The other kind of relationship is a “subset” relationship defined by ids within a text, and I suggest the same syntax be allowed: Use commas or a hyphen and always prepend an id with a hash even if it’s part of a range or comma group:

["dn2#wp11-#wp20"]

Or in the case of commas:

"dn2#wp11,#wp21"]

While you could fully fully qualify all uid#id range references as in ["dn2#wp11-dn2#wp20"] I feel this is overkill, simply prepending all ids with a hash should suffice as the '-#' and ',#' combinations are impossible to interpret in any other way, they must belong to the preceding uid. Another reason to dislike fully fully qualified is that overwhelmingly the use case for this will be multiple ids from the same sutta, I wouldn’t even like to support something like: "dn1#wp20-dn2#wp146" even if it’s not technically impossible it should probably be illegal just to simplify things. Final reason to dislike it is that it will be closer or identical to the form used in the URL: We definitely aren’t going to say /pi/dn2#wp11_dn2#wp21

So what I suggest is the following:

###Superset Relationship

When several things are parallel to one thing:

["ea9.7", "t792", "an1.1,an1.2,an1.3,an1.4,an1.5"]

or

["ea9.7", "t792", "an1.1-an1.5"]

as an abbreviated form.

This should be displayed where possible as being a connected group.
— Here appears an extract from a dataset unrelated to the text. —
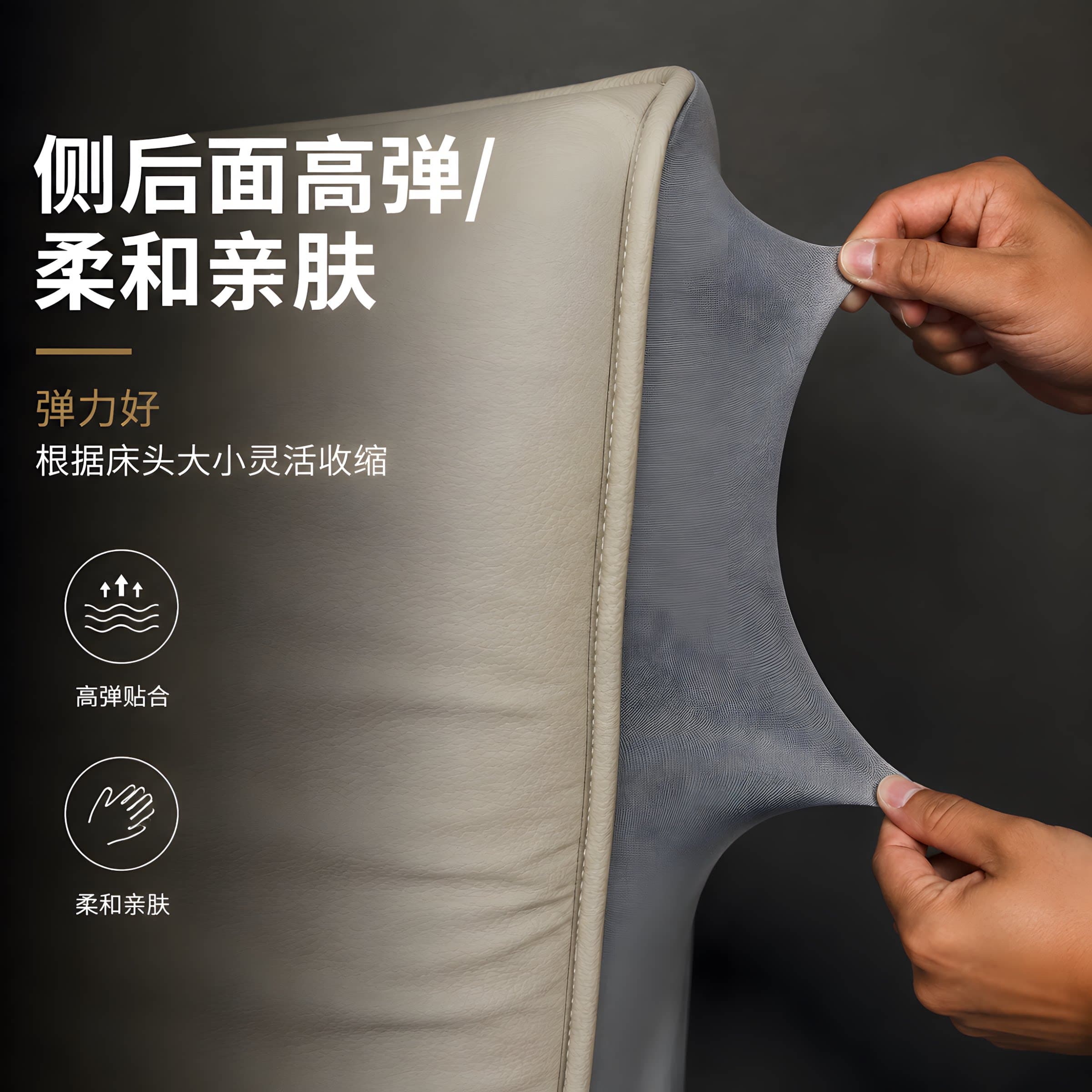 科技布床头罩加厚夹棉仿皮质简约现代风百搭通用全包防尘保护免洗 - 缩略图2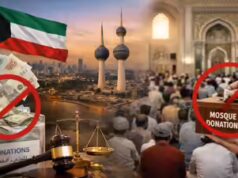 Kuwait emite novas regras para doações no Ramadã: dinheiro proibido, coleta de mesquitas proibida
Where not possible (or if it’s clunky) to visually represent this relationship we just do our best.

Uids should always be fully qualified, instead of an1.1-5, it should be an1.1-an1.5, although presentation logic is allowed to collapse this down to the prior form.

###Subset relationship

When a part of a thing is parallel to a thing

["uid#id"]

or

["uid#id1-#id4"]

or

["uid#id1,#id2,#id3,#id4"]

ids in a range or comma list should always be written in full and be prefixed with a ‘#’, this is to clearly disambiguate them from uids.

It gets a bit nutty to combine a superset and subset relationship (i.e. parts of multiple suttas, are parallel to another sutta) and it might be better to explicitly forbid it and only allow 3 types: The straightforward uid to uid, the superset and subset relationship, and not allow a superset of subsets.

Please note all of this is about representation in data, not in URLs or presentation.

Since the issue of hyphens in ids came up: It is easier if they go, but it is technically possible to deal with them, as you can use a regular expression to identify parts of the string which are text ids, such a regular expression can be automatically generated by reading all the ids from the texts and finding the common alphabetical-hyphen prefixes, and then that can be used in the parsing step.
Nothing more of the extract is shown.